Em 31 de janeiro, 200 canhões de campanha começaram a bombardear Dien Bien Phu sem contemplação. Era o princípio de um inferno que duraria três meses e uma semana até a rendição incondicional. A infantaria francesa buscou saídas desesperadas para silenciar a artilharia inimiga, porém fracassou. Em 13 de março, começaram as investidas da infantaria Vietminh. O comandante da artilharia francesa se suicidou e o chefe do Estado-Maior, um fino aristocrata, o conde Hubert de Seguins-Pazzis, sofreu uma crise nervosa. Mercenários vietnamitas passaram a desertar em massa.
A armadilha não funcionava bem e o comando superior gaulês não soube (ou não conseguia) reagir. Talvez se tivessem lançado de uma só vez os 4 mil paraquedistas que tinham em reserva conseguiriam algo, mas poderiam perder tudo de uma vez também. Resolveram lançá-los pouco a pouco a fim de cobrir os buracos.
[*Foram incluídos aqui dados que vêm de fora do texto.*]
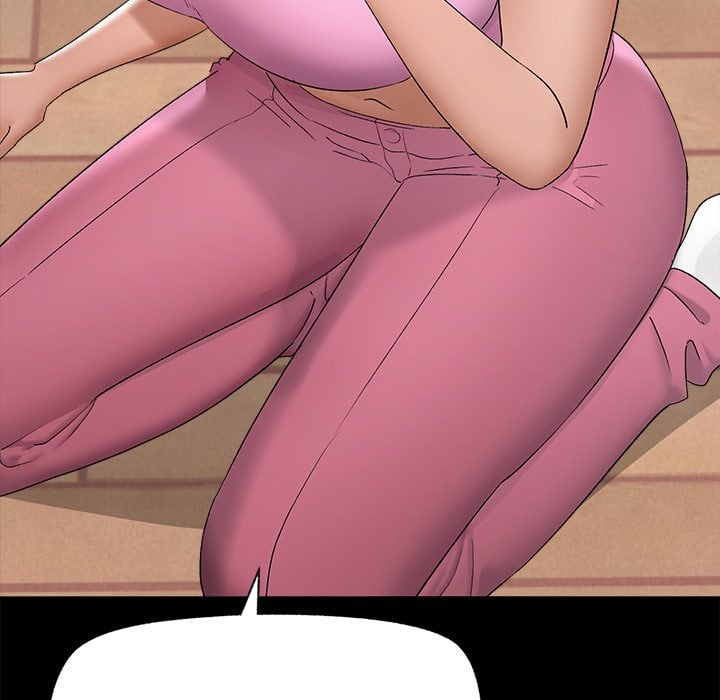 18+ Hypnotist Security Guard (Uncensored) Chapter 39 page 171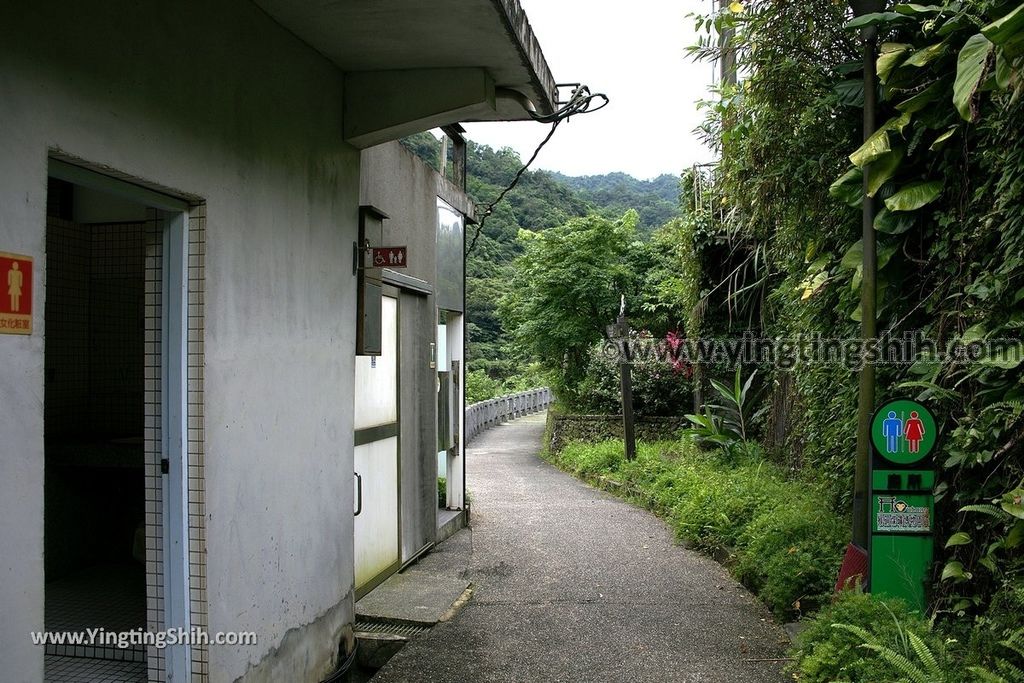 YTS_YTS_20190518_新北瑞芳瑞三本礦坑口／礦工紀念館／模擬坑道／壺穴New Taipei Ruifang The Ruey-San Main Mine073_539A0941.jpg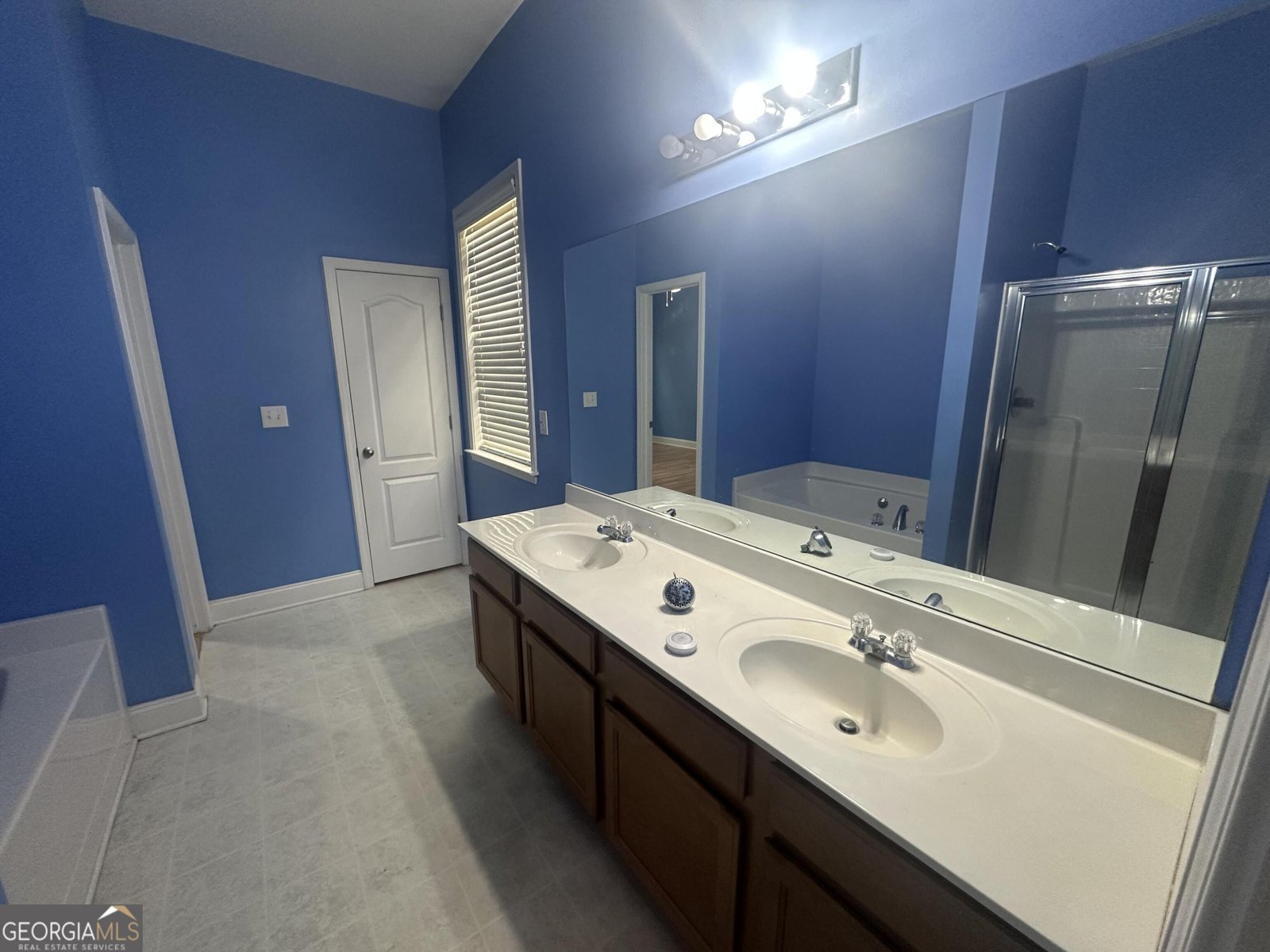 740 Ivy Brook Way Macon - Photo 21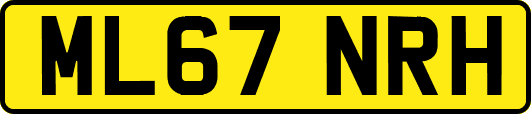 ML67NRH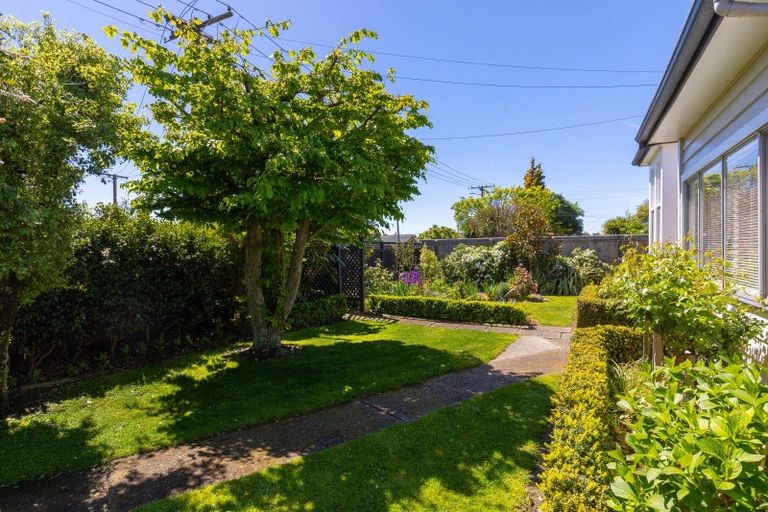 Photo of property in 4 Nosworthy Street, Blenheim, 7201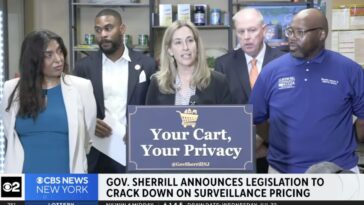 unhinged:-far-left-democrat-mikie-sherrill-smears-trump-as-worse-than-vladimir-putin-after-state-registered-6,600-noncitizens-to-vote-and-hundreds-cast-ballots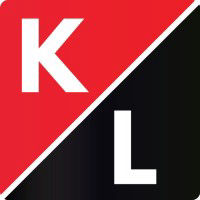 K&L Industries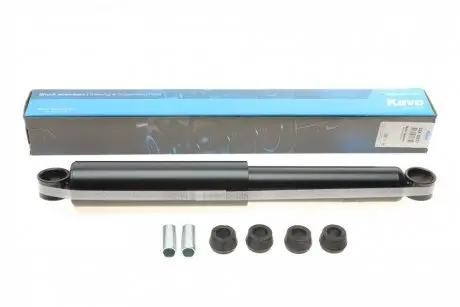 Амортизатор (задній) Lada (2121/2131)/(2103/2106) 72-12 PARTS KAVO SSA-10377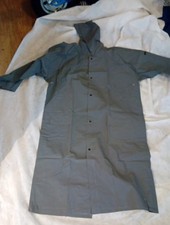 Bikeit  Waterproof Rain Mud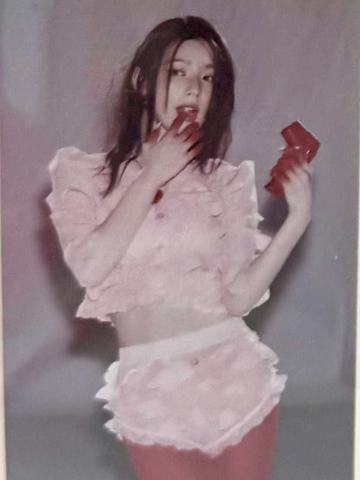 日记本套卡 ver.A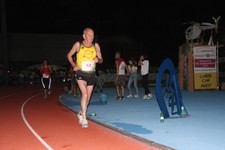 IMG_7597.JPG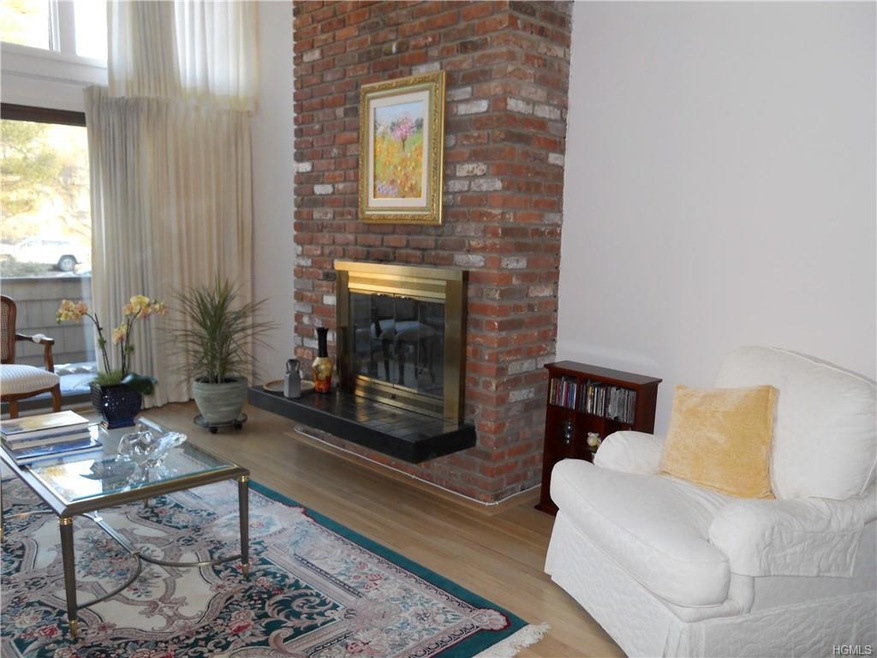 216 Purchase St unit I, Rye, NY 10580 - photo 1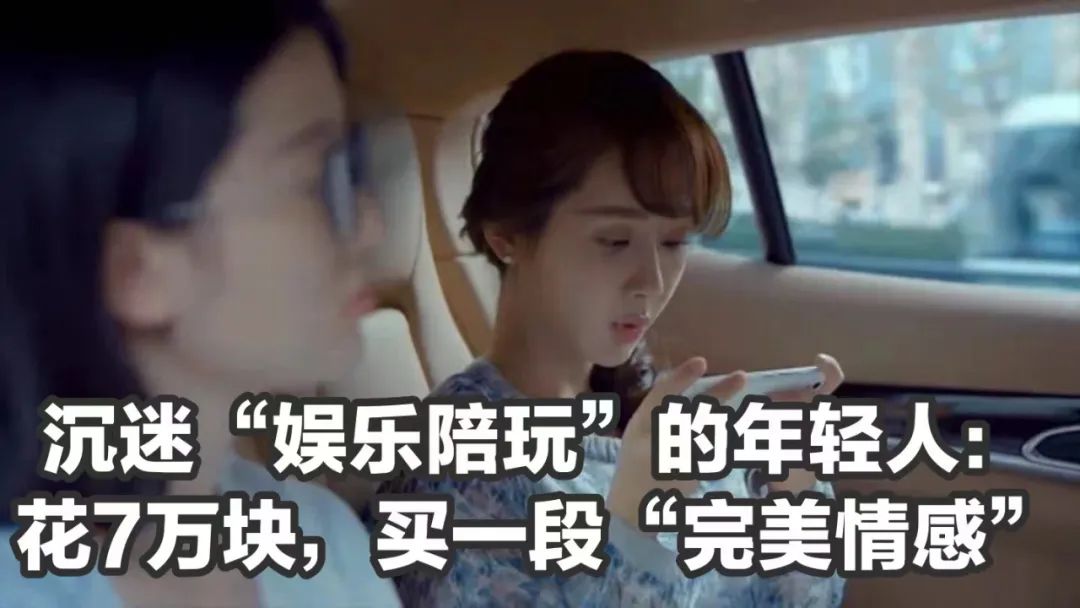 中年惜遇 中年人朋友圈变小的真实写照配图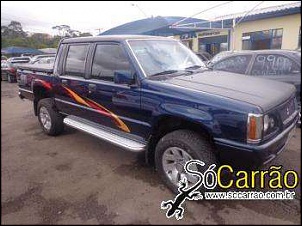 -l200azul.jpg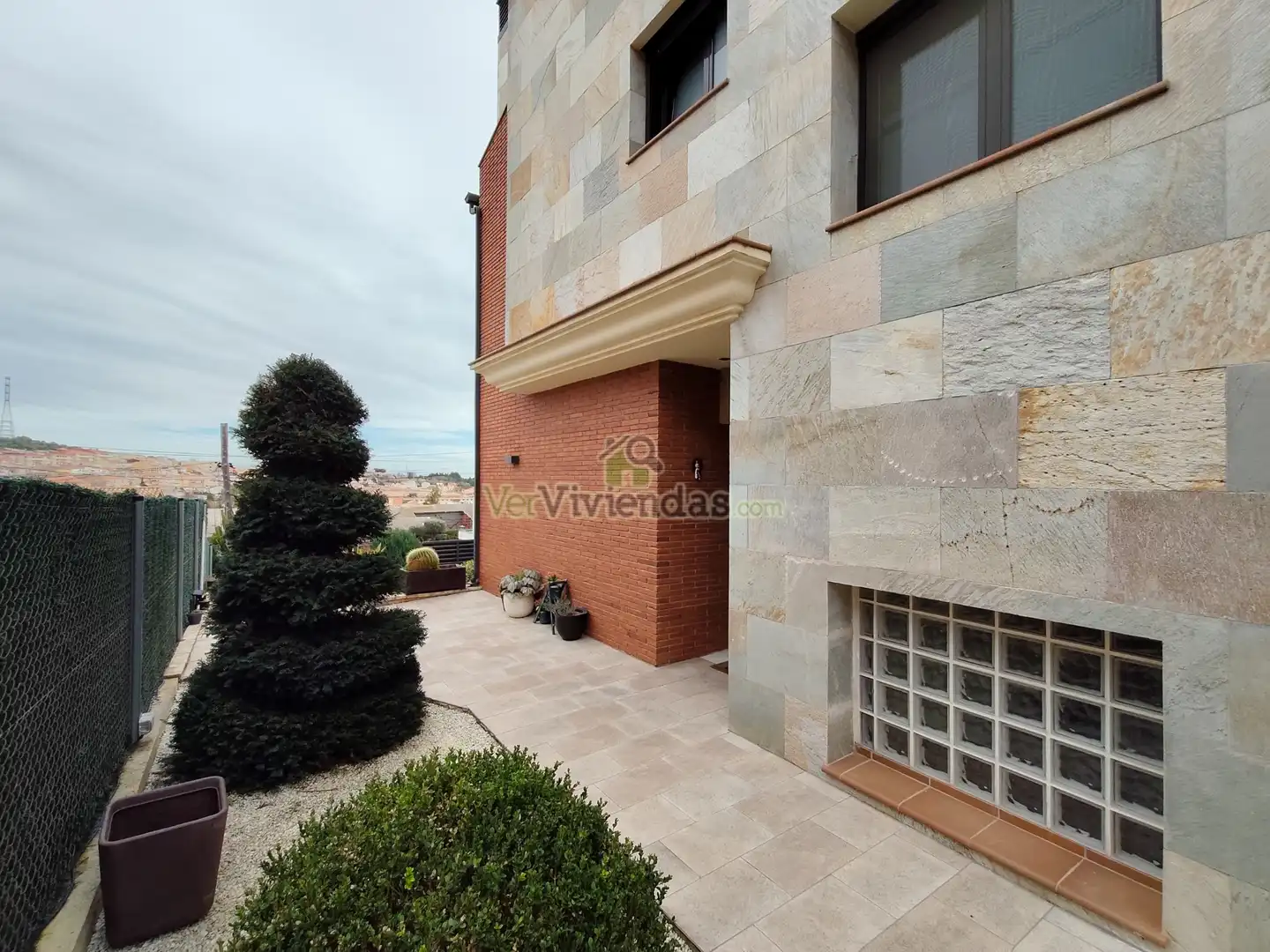 Haus mit Terrasse zum Verkauf in Avinguda Catalunya 40, imagen 14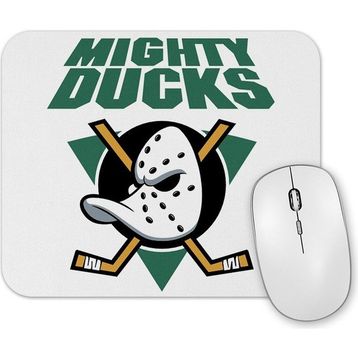 Baskı Dükkanı Mickey 09 Mouse Pad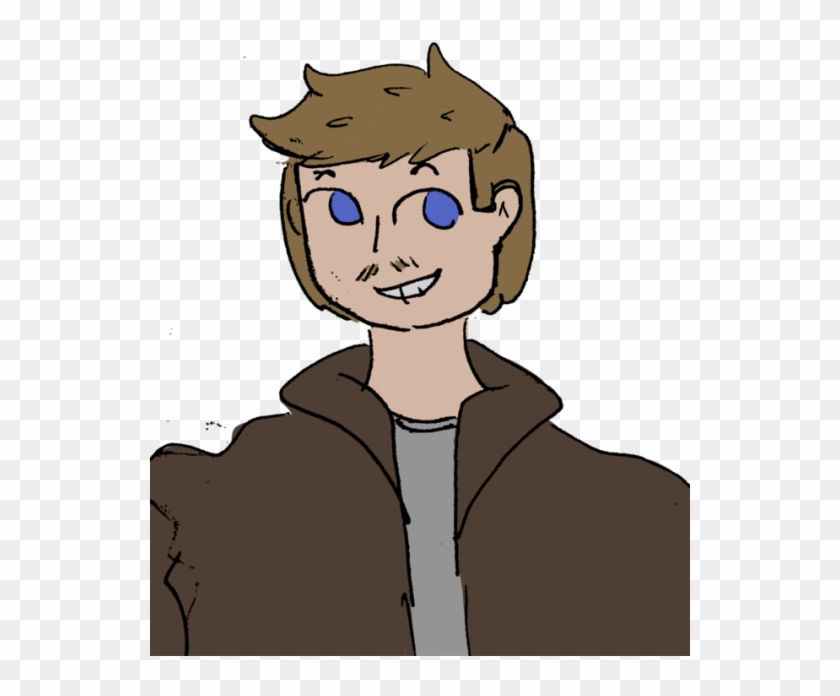 Dump Of Some Of My More Recent Codz Art Some Modern - Cartoon Clipart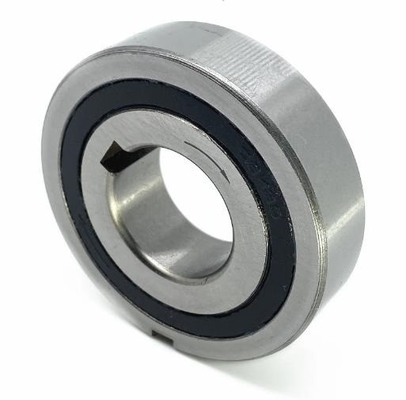 Boringsgrootte 10-100mm CSK30PP Eenrichtingsverbinding met een diepe groef voor veelzijdige toepassingen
Ainda assim houve um momento extremamente delicado para Giap. Nos primeiros dias de abril, seus furiosos ataques tinham logrado conquistar terreno, mas a um altíssimo custo, com a perda de 10 mil homens de suas melhores tropas. Ocorreu um momento de desalento entre os atacantes diante do pesado castigo. Todavia, Giap mostrou-se capaz de reagir. Expurgou uns quantos comandantes desmoralizados e mudou de tática. Abandonou os ataques diretos e passou à guerra de trincheiras. Seus soldados sapadores cavaram 500 quilômetros de valetas e trincheiras, que foram estrangulando lentamente Dien Bien Phu.
A situação tornou-se insustentável. Uns 2 mil desertores internos fugiram, a maioria norte-africanos, apelidados de ‘ratos de Nam Yun’ porque se escondiam nas cavidades do rio e dela só saiam de noite para roubar comida.
Em 28 de março, aterrissou o último avião francês que foi imediatamente destruído pelo bombardeio. Dien Bien Phu permaneceu isolado do mundo durante 40 dias, uma autêntica quaresma penitencial. Em 7 de maio, o general De Castries, comandante-geral da guarnição, anunciou pelo rádio um cessar-fogo a partir das 17h30.
Era a capitulação. A França havia sofrido 7.500 baixas, o Viet Minh o dobro, além de 11.721 franceses que caíram prisioneiros. Somente 3.290 sobreviveram. Estava selado o destino do colonialismo francês na Indochina.